2016年、そんな京浜島のほぼ中央に位置する鉄工所の一角に誕生したBUCKLE KOBOも島の変化のひとつだろう。現在も稼働する工場の一部をアトリエとして活用し、ものづくりの歴史がある京浜島と多くのアーティストが出会うハブとなってきた。2020年に向かって刻々とその姿を変える東京を前にした私たちは、こうした島の変化にあらゆる空間は社会状況による規範や制度によって形づくられていたことを、そしてその空間が現代において持ち得る可能性を見過ごしていたことを感じ取らなくてはいけない。BUCKLE KOBOがアートを通じた創発の場として鉄工所を拓いたように、場の転用は既定された制度からの脱却であり、様々な記憶が刻まれた空間に新たな風を吹き込む未来へ向けられたふるまいだ。
多くの場所には決められた目的が固着し、行き先は常に与えられるものとなり、東京では壁の向こう側でいつの間にか知らない景色が出来上がっていく。私たちはもっと意識的に空間を拓き、最短の距離で結ばれていた道を逸れ、椅子1つ無い街路を、あらゆる場を私たちの居場所として取り戻さなくてはいけないのではないだろうか。
本展はBUCKLE KOBOを起点に湾岸エリアで起こる文化の胎動と、そこに投げかけられる5組のアーティストのふるまいの提示である。
BUCKLE KOBO Presentation
日程:2017年9月30日(土)〜10月1日(日)
入場:無料
会場:BUCKLE KOBO(東京都品川区東品川2-6-10)
※TENGAoneの作品は10月1日(日)のみの公開となります。
【アーティストプロフィール】
藤元明 (作品クレジット:藤元明『2021』2016)
1975年東京生まれ。1999年東京藝術大学デザイン科卒業。2000年コミュニケーションリサーチセンターFABRICA(イタリア)に在籍後、東京藝術大学大学院を修了。人の制御出来ない現象をモチーフに、絵画・オブジェクト・映像・インスタレーションなど様々な手法で制作される作品は、現代社会において一般化する制度や仕組みを利用することで、ジャンルレスなプロジェクトへと変容する。主な作品シリーズとして「2021」「Fountain」「NEW RECYCLE」などがある。都市の隙間を活用するアートプロジェクト「ソノ アイダ」を主催。

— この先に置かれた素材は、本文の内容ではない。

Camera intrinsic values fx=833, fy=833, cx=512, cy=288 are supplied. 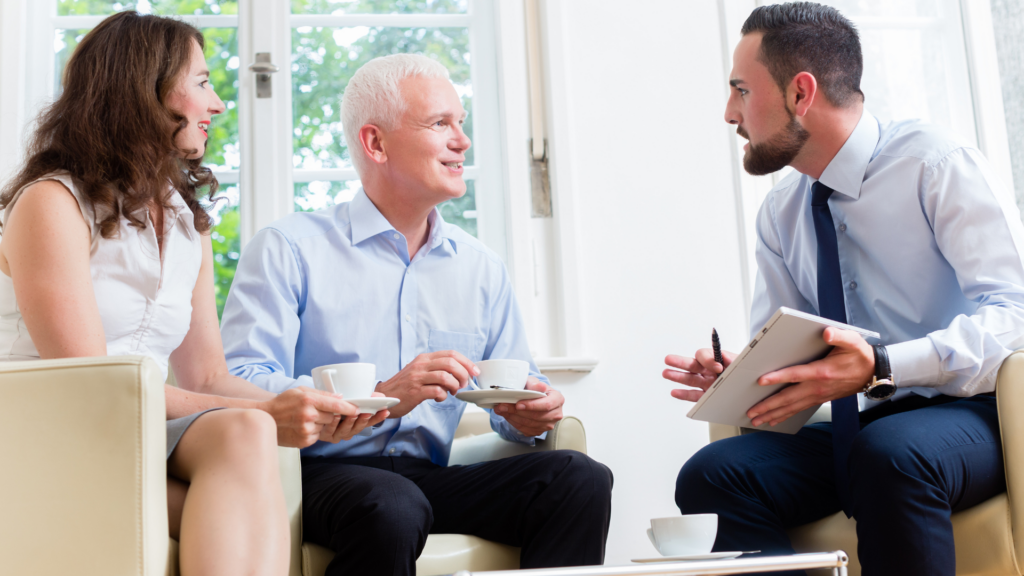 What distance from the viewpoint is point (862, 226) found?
1.69 m

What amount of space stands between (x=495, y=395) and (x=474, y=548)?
280 millimetres

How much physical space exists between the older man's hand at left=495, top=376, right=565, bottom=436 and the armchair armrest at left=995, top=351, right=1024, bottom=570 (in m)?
0.74

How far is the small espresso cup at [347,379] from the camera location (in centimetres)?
128

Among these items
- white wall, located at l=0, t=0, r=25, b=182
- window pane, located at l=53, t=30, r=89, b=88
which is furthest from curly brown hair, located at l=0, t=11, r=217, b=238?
window pane, located at l=53, t=30, r=89, b=88

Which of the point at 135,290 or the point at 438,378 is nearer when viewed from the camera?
the point at 135,290

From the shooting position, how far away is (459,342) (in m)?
1.83

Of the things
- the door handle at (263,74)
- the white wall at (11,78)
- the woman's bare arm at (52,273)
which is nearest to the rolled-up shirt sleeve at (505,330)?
the woman's bare arm at (52,273)

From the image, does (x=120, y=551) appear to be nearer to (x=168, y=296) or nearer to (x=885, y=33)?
(x=168, y=296)

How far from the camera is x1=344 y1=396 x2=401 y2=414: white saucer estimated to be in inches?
48.7

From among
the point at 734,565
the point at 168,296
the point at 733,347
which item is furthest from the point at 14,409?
the point at 733,347

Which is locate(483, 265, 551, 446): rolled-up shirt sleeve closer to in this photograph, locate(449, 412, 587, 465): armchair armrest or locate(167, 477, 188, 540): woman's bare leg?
locate(449, 412, 587, 465): armchair armrest

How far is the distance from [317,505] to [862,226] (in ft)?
3.89

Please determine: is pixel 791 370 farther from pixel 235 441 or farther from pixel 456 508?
pixel 235 441

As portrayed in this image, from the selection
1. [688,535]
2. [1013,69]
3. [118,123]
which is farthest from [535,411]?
[1013,69] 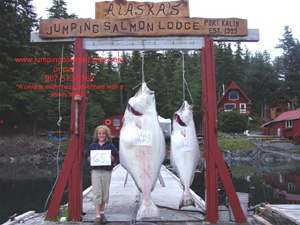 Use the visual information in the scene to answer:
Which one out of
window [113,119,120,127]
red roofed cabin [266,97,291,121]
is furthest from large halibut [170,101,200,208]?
red roofed cabin [266,97,291,121]

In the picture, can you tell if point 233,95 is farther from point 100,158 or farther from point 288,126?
point 100,158

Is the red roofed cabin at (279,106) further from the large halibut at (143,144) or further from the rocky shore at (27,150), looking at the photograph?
the large halibut at (143,144)

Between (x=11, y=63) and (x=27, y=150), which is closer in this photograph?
(x=27, y=150)

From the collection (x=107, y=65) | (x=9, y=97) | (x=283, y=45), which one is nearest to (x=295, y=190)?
(x=9, y=97)

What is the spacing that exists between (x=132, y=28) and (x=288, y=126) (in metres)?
32.4

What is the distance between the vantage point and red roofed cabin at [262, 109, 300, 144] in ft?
99.1

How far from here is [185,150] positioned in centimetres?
372

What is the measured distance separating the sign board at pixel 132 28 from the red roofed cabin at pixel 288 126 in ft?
93.2

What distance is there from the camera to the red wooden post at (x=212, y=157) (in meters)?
3.85

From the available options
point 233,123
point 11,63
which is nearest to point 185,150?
point 11,63

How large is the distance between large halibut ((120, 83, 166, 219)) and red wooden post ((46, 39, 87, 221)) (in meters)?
0.70

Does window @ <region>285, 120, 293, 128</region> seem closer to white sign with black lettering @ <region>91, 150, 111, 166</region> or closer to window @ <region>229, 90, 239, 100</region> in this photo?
window @ <region>229, 90, 239, 100</region>

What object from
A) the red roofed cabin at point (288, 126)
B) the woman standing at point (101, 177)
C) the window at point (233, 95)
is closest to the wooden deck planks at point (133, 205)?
the woman standing at point (101, 177)

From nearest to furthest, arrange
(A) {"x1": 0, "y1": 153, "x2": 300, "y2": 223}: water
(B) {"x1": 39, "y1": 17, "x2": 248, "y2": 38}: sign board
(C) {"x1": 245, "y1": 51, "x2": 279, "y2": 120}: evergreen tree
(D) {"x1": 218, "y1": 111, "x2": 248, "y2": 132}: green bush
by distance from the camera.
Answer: (B) {"x1": 39, "y1": 17, "x2": 248, "y2": 38}: sign board
(A) {"x1": 0, "y1": 153, "x2": 300, "y2": 223}: water
(D) {"x1": 218, "y1": 111, "x2": 248, "y2": 132}: green bush
(C) {"x1": 245, "y1": 51, "x2": 279, "y2": 120}: evergreen tree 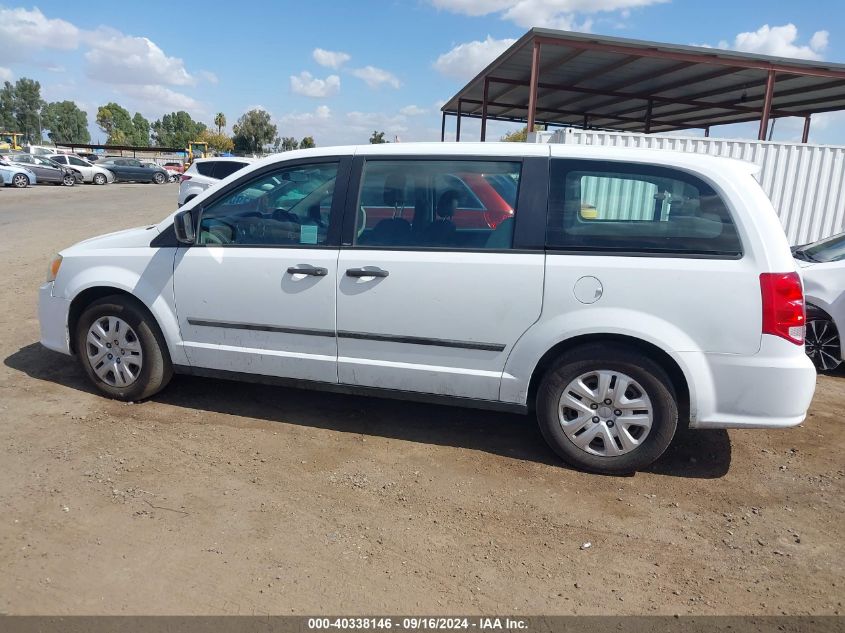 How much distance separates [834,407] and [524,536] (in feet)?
11.3

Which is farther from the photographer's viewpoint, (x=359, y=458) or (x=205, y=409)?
(x=205, y=409)

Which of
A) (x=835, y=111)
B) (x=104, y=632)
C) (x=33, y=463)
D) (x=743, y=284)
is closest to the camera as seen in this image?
(x=104, y=632)

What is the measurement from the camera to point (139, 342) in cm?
438

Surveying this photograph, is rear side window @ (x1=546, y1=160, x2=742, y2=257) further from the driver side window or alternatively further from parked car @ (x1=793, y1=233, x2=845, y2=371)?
parked car @ (x1=793, y1=233, x2=845, y2=371)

山田健二(作品クレジット:山田健二『Smurfed remain』2017)
山田健二は固有の文化圏に遺る民俗知や遺跡、戦争遺産を含む近代遺産などを国際社会の中で流用・誤用することで生まれる葛藤や矛盾を共有するための社会実践・表現活動を行なう美術家です。彼が生み出す表現やフィールドは観衆に自然環境と社会現象を透視するような、より中性的な感性を求め、同時にそれに伴う非常時的な想像力をかき立てます。
3.11以降、日本やヨーロッパを中心に各地を環境難民のように移動しながら続ける彼の活動は、より流動的な社会的立場の人間が国際社会にどう働きかけられるかという実践を含みながら、その臨界と限界に無数の段階を拡張し、新たな思考のグレースケールを浮かび上がらせます。

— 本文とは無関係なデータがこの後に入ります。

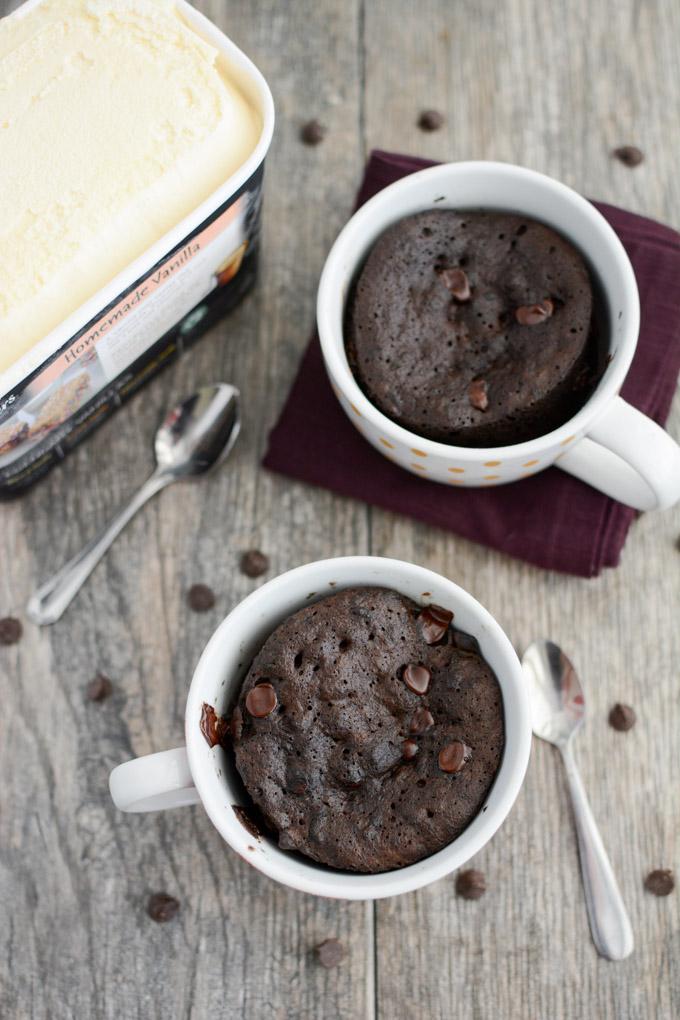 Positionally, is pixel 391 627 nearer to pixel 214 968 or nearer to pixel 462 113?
pixel 214 968

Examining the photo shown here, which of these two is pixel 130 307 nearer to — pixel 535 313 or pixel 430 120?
pixel 535 313

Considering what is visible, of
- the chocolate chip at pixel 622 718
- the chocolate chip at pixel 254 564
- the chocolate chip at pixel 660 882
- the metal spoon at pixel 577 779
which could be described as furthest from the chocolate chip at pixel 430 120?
the chocolate chip at pixel 660 882

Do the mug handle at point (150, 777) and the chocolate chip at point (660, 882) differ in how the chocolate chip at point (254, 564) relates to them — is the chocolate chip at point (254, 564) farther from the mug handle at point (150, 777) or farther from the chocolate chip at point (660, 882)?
the chocolate chip at point (660, 882)

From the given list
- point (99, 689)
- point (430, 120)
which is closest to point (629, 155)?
point (430, 120)

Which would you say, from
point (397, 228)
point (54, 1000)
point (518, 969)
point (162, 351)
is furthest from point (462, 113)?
point (54, 1000)

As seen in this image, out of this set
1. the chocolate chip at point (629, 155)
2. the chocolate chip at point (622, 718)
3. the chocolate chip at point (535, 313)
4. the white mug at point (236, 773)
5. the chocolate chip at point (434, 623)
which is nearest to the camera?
the white mug at point (236, 773)

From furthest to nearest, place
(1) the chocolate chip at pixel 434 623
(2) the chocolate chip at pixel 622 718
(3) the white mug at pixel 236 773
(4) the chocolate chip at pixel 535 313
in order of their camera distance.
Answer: (2) the chocolate chip at pixel 622 718, (4) the chocolate chip at pixel 535 313, (1) the chocolate chip at pixel 434 623, (3) the white mug at pixel 236 773

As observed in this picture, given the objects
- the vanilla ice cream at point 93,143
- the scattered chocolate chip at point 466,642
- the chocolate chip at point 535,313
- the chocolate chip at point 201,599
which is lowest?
the chocolate chip at point 201,599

TENGAone(作品クレジット:TENGAone『fabrication 7』2017)
東京を拠点に活動しているストリートアーティスト。アーティスト名は「画が天職(天画)」から。「日常にある些細な「怒り」、育った環境の「寂しさ」、ストリートでの経験から感じた「人間の矛盾」をテーマに、スプレー缶での壁画、絵画、立体を制作。’08年、米・ロサンゼルスにて行われたW a l t Disney主催の企画展「BLOC28」へ、アジアからの招待アーティストとして参加。また近年では西武百貨店×SIDE COREブースに作品を出展。’15年、’16年にはART FAIR TOKYOに参加。以降、国内外の展覧会に多数参加するなど精力的に活動。
関川航平(作品クレジット:関川航平『片耳をふさぐ』2017)
2013年 筑波大学芸術専門学群特別カリキュラム版画コース卒業。主な展示に、「あざみ野コンテンポラリーvol.7 悪い予感のかけらもないさ展」(横浜市民ギャラリーあざみ野/2016)「figure / out」(ガーディアンガーデン/2017)「一枚の絵の力 Power of a painting」(BLOCK HOUSE/2017)「SICF18 PLAY」(スパイラル/2017)「BankART Life Ⅴ〜観光」(BankART1929/2017)など。
Aokid(作品クレジット:Aokid『blue+yellow,red』より 撮影:ShinichiroIshihara)
1988年東京生まれ。東京造形大学映画専攻在学中より、ダンス、パフォーマンス作品の発表を重ねる。aokid cityという名のイベントやパーティーの企画や、代々木公園、街中でのささやかな社会へのアクションを行う一方、ギャラリー空間での展示や劇場での上演作品も発表。近年の主な活動に『ぼくは"偶然のダンス"の上映される街に住んでいる。』(ガーディアンガーデン、2016)、ゲリラパフォーマンスイベント"どうぶつえん"の企画など。横浜ダンスコレクション2016年審査員賞受賞。
【キュレータープロフィール】
青木彬
1989年生まれ。首都大学東京インダストリアルアートコース(芸術学)卒業。
在学中に「ひののんフィクション」「川俣正 Tokyo In Progress」などのアートプロジェクトの企画・運営に携わる。 これまでの主な企画に、「特別講座『未来へ号』で行く清里現代美術館バスツアー!」(清里現代美術館、2014)、中島晴矢個展「麻布逍遥」(SNOW Contemporary、2017)などがある。
「SociallyEngagedArt展 社会を動かすアートの新潮流」(アーツ千代田3331、2017)キュラトリアルアシスタント、「黄金町バザール2017 Double Façade 他者と出会うための複数の方法」(横浜市、2017)アシスタントキュレーターを担当。